As you can see, duplicate where conditions have no real negative impact on the performance of the query.

Bonus info: we can add some indexes to make the queries above even faster. If you look at the query plan, you can see that all tables are first accessed through an index and then filtered. We can combine both actions into one by creating indexes on both columns.

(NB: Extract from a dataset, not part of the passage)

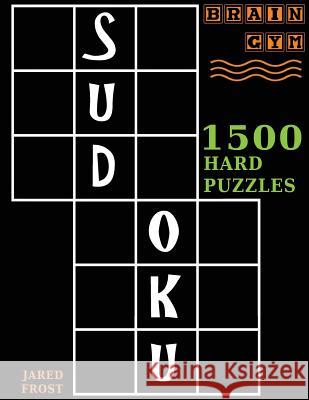 Sudoku: 1500 Hard Puzzles to Exercise Your Brain: Big Book, Great Value. Brain Gym Series Book. Jared Frost 9781943828425 Fat Dog Publishing, LLC - książka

This is what you need to add:

mx=# create index t1_n1_n2_idx on t1(n1,n2);
mx=# create index t2_n1_n2_idx on t2(n1,n2);
mx=# create index t3_n1_n2_idx on t3(n1,n2);

Now that last query looks like this:

mx=# explain analyze select * from t1,t2,t3 where t1.n1 = t2.n1 and t1.n2 = t2.n2 and t2.n1 =t3.n1 and t2.n2 = t3.n2 and t3.n1 = 10 and t1.n2 = 10 and t1.n1 = t2.n1 and t1.n2 = t2.n2 and t2.n1 =t3.n1 and t2.n2 = t3.n2 and t3.n1 = 10 and t1.n2 = 10 and t3.n1 in (10,10,10) and t1.n2 = 10 and t1.n2 = 10 and t1.n2 = 10 and (t1.n2 = 10 or t1.n2 = 10) and t2.n2 = t3.n2 and t1.n1 = t3.n1;
                                                          QUERY PLAN
------------------------------------------------------------------------------------------------------------------------------
 Nested Loop  (cost=0.00..25.16 rows=1 width=270) (actual time=0.054..0.077 rows=1 loops=1)
   ->  Nested Loop  (cost=0.00..16.77 rows=1 width=180) (actual time=0.038..0.051 rows=1 loops=1)
         ->  Index Scan using t1_n1_n2_idx on t1  (cost=0.00..8.38 rows=1 width=90) (actual time=0.017..0.019 rows=1 loops=1)
               Index Cond: ((n1 = 10) AND (n2 = 10))
         ->  Index Scan using t2_n1_n2_idx on t2  (cost=0.00..8.38 rows=1 width=90) (actual time=0.010..0.013 rows=1 loops=1)
               Index Cond: ((n1 = 10) AND (n2 = 10))
   ->  Index Scan using t3_n1_n2_idx on t3  (cost=0.00..8.38 rows=1 width=90) (actual time=0.007..0.010 rows=1 loops=1)
         Index Cond: ((n1 = 10) AND (n2 = 10))
 Total runtime: 0.129 ms
(9 rows)

Total cost of the query went down from 34 to 25. That's about a 25% performance improvement.